Compilation album by Kate Bush
- Released: 30 November 2018 (Selection) 8 March 2019 (full set)
- Recorded: 1975–2012
- Length: 132:16 (full set); 42:47 (Selection);
- Languages: English; French; Irish;
- Label: Fish People
- Producers: Kate Bush; David Gilmour; Jon Kelly; Andrew Powell; Donal Lunny; George Martin; Michael Kamen;

Kate Bush chronology
| Before the Dawn (2016) | The Other Sides (2018) |  |

Alternative cover
- Selection from 'The Other Sides' cover

= The Other Sides =

2019 compilation album by Kate Bush

The Other Sides is a compilation album by English singer-songwriter Kate Bush.

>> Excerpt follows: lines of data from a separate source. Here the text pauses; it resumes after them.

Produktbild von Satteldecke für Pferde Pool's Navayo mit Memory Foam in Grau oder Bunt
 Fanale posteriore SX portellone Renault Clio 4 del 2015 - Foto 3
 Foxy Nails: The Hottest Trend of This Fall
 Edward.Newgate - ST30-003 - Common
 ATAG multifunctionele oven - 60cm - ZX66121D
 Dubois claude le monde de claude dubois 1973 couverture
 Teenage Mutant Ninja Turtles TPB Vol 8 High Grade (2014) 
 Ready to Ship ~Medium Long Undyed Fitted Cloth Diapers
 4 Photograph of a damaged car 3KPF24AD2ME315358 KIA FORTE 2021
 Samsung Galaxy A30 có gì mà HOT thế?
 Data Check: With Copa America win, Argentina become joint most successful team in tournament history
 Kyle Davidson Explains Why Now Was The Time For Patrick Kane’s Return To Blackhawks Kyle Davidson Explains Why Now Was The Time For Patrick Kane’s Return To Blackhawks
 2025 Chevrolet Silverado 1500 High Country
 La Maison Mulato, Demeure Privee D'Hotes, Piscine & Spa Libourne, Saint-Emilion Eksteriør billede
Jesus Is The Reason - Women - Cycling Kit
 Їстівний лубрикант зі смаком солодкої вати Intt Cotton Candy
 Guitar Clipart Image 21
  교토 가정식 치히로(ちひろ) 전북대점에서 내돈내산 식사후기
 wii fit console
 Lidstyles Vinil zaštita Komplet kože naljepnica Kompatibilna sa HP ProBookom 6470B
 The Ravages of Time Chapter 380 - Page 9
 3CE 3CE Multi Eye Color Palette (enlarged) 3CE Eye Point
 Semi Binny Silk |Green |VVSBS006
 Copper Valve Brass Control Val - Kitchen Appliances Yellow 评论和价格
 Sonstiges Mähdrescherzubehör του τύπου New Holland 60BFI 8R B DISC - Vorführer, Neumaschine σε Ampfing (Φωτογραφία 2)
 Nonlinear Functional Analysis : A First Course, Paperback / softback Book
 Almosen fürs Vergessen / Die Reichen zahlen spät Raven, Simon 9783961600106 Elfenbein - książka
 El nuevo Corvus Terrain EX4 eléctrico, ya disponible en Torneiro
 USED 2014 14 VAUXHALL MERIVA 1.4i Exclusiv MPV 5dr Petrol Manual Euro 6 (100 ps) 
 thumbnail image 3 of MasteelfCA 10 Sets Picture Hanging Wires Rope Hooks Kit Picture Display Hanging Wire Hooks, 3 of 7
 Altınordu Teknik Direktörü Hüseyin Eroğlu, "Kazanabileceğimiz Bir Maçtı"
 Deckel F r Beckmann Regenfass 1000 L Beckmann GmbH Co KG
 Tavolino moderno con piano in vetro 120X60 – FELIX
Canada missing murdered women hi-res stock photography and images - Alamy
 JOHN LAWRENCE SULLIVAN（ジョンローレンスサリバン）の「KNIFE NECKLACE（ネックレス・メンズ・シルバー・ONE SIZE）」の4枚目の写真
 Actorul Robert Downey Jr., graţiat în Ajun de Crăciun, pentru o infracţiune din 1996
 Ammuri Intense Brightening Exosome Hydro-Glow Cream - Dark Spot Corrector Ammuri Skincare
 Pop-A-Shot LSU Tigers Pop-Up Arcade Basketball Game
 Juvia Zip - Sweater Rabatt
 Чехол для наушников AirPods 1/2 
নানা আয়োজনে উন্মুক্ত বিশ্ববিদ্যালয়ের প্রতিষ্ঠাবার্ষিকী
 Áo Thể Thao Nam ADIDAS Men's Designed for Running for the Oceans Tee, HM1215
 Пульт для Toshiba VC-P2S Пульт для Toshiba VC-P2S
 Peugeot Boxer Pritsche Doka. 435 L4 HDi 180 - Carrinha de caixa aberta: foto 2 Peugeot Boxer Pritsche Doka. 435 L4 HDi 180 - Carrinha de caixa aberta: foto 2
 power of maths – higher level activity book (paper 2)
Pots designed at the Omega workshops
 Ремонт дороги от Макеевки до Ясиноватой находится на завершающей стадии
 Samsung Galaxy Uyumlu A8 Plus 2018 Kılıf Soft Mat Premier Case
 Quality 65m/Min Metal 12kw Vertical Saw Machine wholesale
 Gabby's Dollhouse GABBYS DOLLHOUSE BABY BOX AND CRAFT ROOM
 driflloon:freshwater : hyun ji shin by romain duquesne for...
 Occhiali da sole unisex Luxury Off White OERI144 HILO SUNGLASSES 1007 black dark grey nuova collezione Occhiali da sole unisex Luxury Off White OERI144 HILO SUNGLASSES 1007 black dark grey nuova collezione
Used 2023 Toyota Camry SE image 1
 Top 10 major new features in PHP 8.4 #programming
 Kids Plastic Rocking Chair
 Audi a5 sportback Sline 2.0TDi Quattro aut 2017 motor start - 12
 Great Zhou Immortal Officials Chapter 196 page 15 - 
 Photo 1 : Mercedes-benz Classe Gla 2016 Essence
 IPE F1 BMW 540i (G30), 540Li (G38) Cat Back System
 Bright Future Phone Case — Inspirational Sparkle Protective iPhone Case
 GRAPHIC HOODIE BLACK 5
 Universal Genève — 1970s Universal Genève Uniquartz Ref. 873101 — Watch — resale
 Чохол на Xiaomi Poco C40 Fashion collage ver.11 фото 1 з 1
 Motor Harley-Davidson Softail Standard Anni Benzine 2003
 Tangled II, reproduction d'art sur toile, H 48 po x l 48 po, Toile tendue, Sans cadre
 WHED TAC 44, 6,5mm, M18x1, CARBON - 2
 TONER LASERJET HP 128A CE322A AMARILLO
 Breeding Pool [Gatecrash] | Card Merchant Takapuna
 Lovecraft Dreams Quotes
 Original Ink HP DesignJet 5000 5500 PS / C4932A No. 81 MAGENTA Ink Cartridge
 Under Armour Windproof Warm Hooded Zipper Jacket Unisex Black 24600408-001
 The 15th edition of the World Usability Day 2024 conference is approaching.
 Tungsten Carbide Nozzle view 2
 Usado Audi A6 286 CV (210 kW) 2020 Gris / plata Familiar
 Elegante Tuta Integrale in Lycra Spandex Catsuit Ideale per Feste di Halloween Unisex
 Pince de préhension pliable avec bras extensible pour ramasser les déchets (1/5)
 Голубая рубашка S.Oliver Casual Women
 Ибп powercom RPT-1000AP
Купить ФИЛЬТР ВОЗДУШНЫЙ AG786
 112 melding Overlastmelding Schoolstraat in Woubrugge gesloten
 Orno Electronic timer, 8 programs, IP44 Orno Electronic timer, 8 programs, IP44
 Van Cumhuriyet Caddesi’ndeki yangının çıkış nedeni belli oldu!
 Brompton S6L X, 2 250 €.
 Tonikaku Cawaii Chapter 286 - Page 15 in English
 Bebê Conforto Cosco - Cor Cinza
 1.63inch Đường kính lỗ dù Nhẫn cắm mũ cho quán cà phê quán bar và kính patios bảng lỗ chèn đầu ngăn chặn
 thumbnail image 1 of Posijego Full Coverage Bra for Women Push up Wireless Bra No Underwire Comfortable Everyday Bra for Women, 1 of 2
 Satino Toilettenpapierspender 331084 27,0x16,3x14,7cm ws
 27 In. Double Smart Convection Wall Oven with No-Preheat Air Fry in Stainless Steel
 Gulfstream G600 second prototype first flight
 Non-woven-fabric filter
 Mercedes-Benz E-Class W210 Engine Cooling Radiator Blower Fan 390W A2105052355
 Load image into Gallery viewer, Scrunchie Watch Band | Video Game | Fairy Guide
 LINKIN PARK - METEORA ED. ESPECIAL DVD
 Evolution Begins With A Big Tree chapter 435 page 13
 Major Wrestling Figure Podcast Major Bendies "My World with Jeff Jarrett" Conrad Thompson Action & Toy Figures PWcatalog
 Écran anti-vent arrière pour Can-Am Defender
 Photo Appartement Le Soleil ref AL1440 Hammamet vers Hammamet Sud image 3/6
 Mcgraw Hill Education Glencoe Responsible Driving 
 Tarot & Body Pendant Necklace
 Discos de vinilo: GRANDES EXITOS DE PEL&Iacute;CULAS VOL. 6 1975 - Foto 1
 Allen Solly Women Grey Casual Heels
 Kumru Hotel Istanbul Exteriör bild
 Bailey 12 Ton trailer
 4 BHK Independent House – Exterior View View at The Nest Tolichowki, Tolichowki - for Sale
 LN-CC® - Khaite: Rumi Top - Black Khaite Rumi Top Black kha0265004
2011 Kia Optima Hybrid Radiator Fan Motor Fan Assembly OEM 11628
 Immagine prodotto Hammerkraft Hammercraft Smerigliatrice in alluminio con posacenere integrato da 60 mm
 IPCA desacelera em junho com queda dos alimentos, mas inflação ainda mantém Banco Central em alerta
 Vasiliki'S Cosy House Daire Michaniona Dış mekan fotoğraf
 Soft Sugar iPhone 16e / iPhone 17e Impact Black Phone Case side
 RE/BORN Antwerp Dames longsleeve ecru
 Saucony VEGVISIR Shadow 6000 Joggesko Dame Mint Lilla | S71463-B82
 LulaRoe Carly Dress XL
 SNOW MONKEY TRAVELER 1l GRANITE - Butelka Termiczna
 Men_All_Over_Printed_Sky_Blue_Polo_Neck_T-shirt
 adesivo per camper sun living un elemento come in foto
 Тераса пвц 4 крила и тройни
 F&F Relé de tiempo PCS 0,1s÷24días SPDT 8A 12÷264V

Released in March 2019, the set contains a selection of 12" mixes and B-sides as well as a selection of cover versions.

Released as part of Bush's definitive remastering project in 2018, the set was originally included in the Remastered Part II box set, before receiving a separate release in March 2019. The Other Sides charted at number 18 in the UK.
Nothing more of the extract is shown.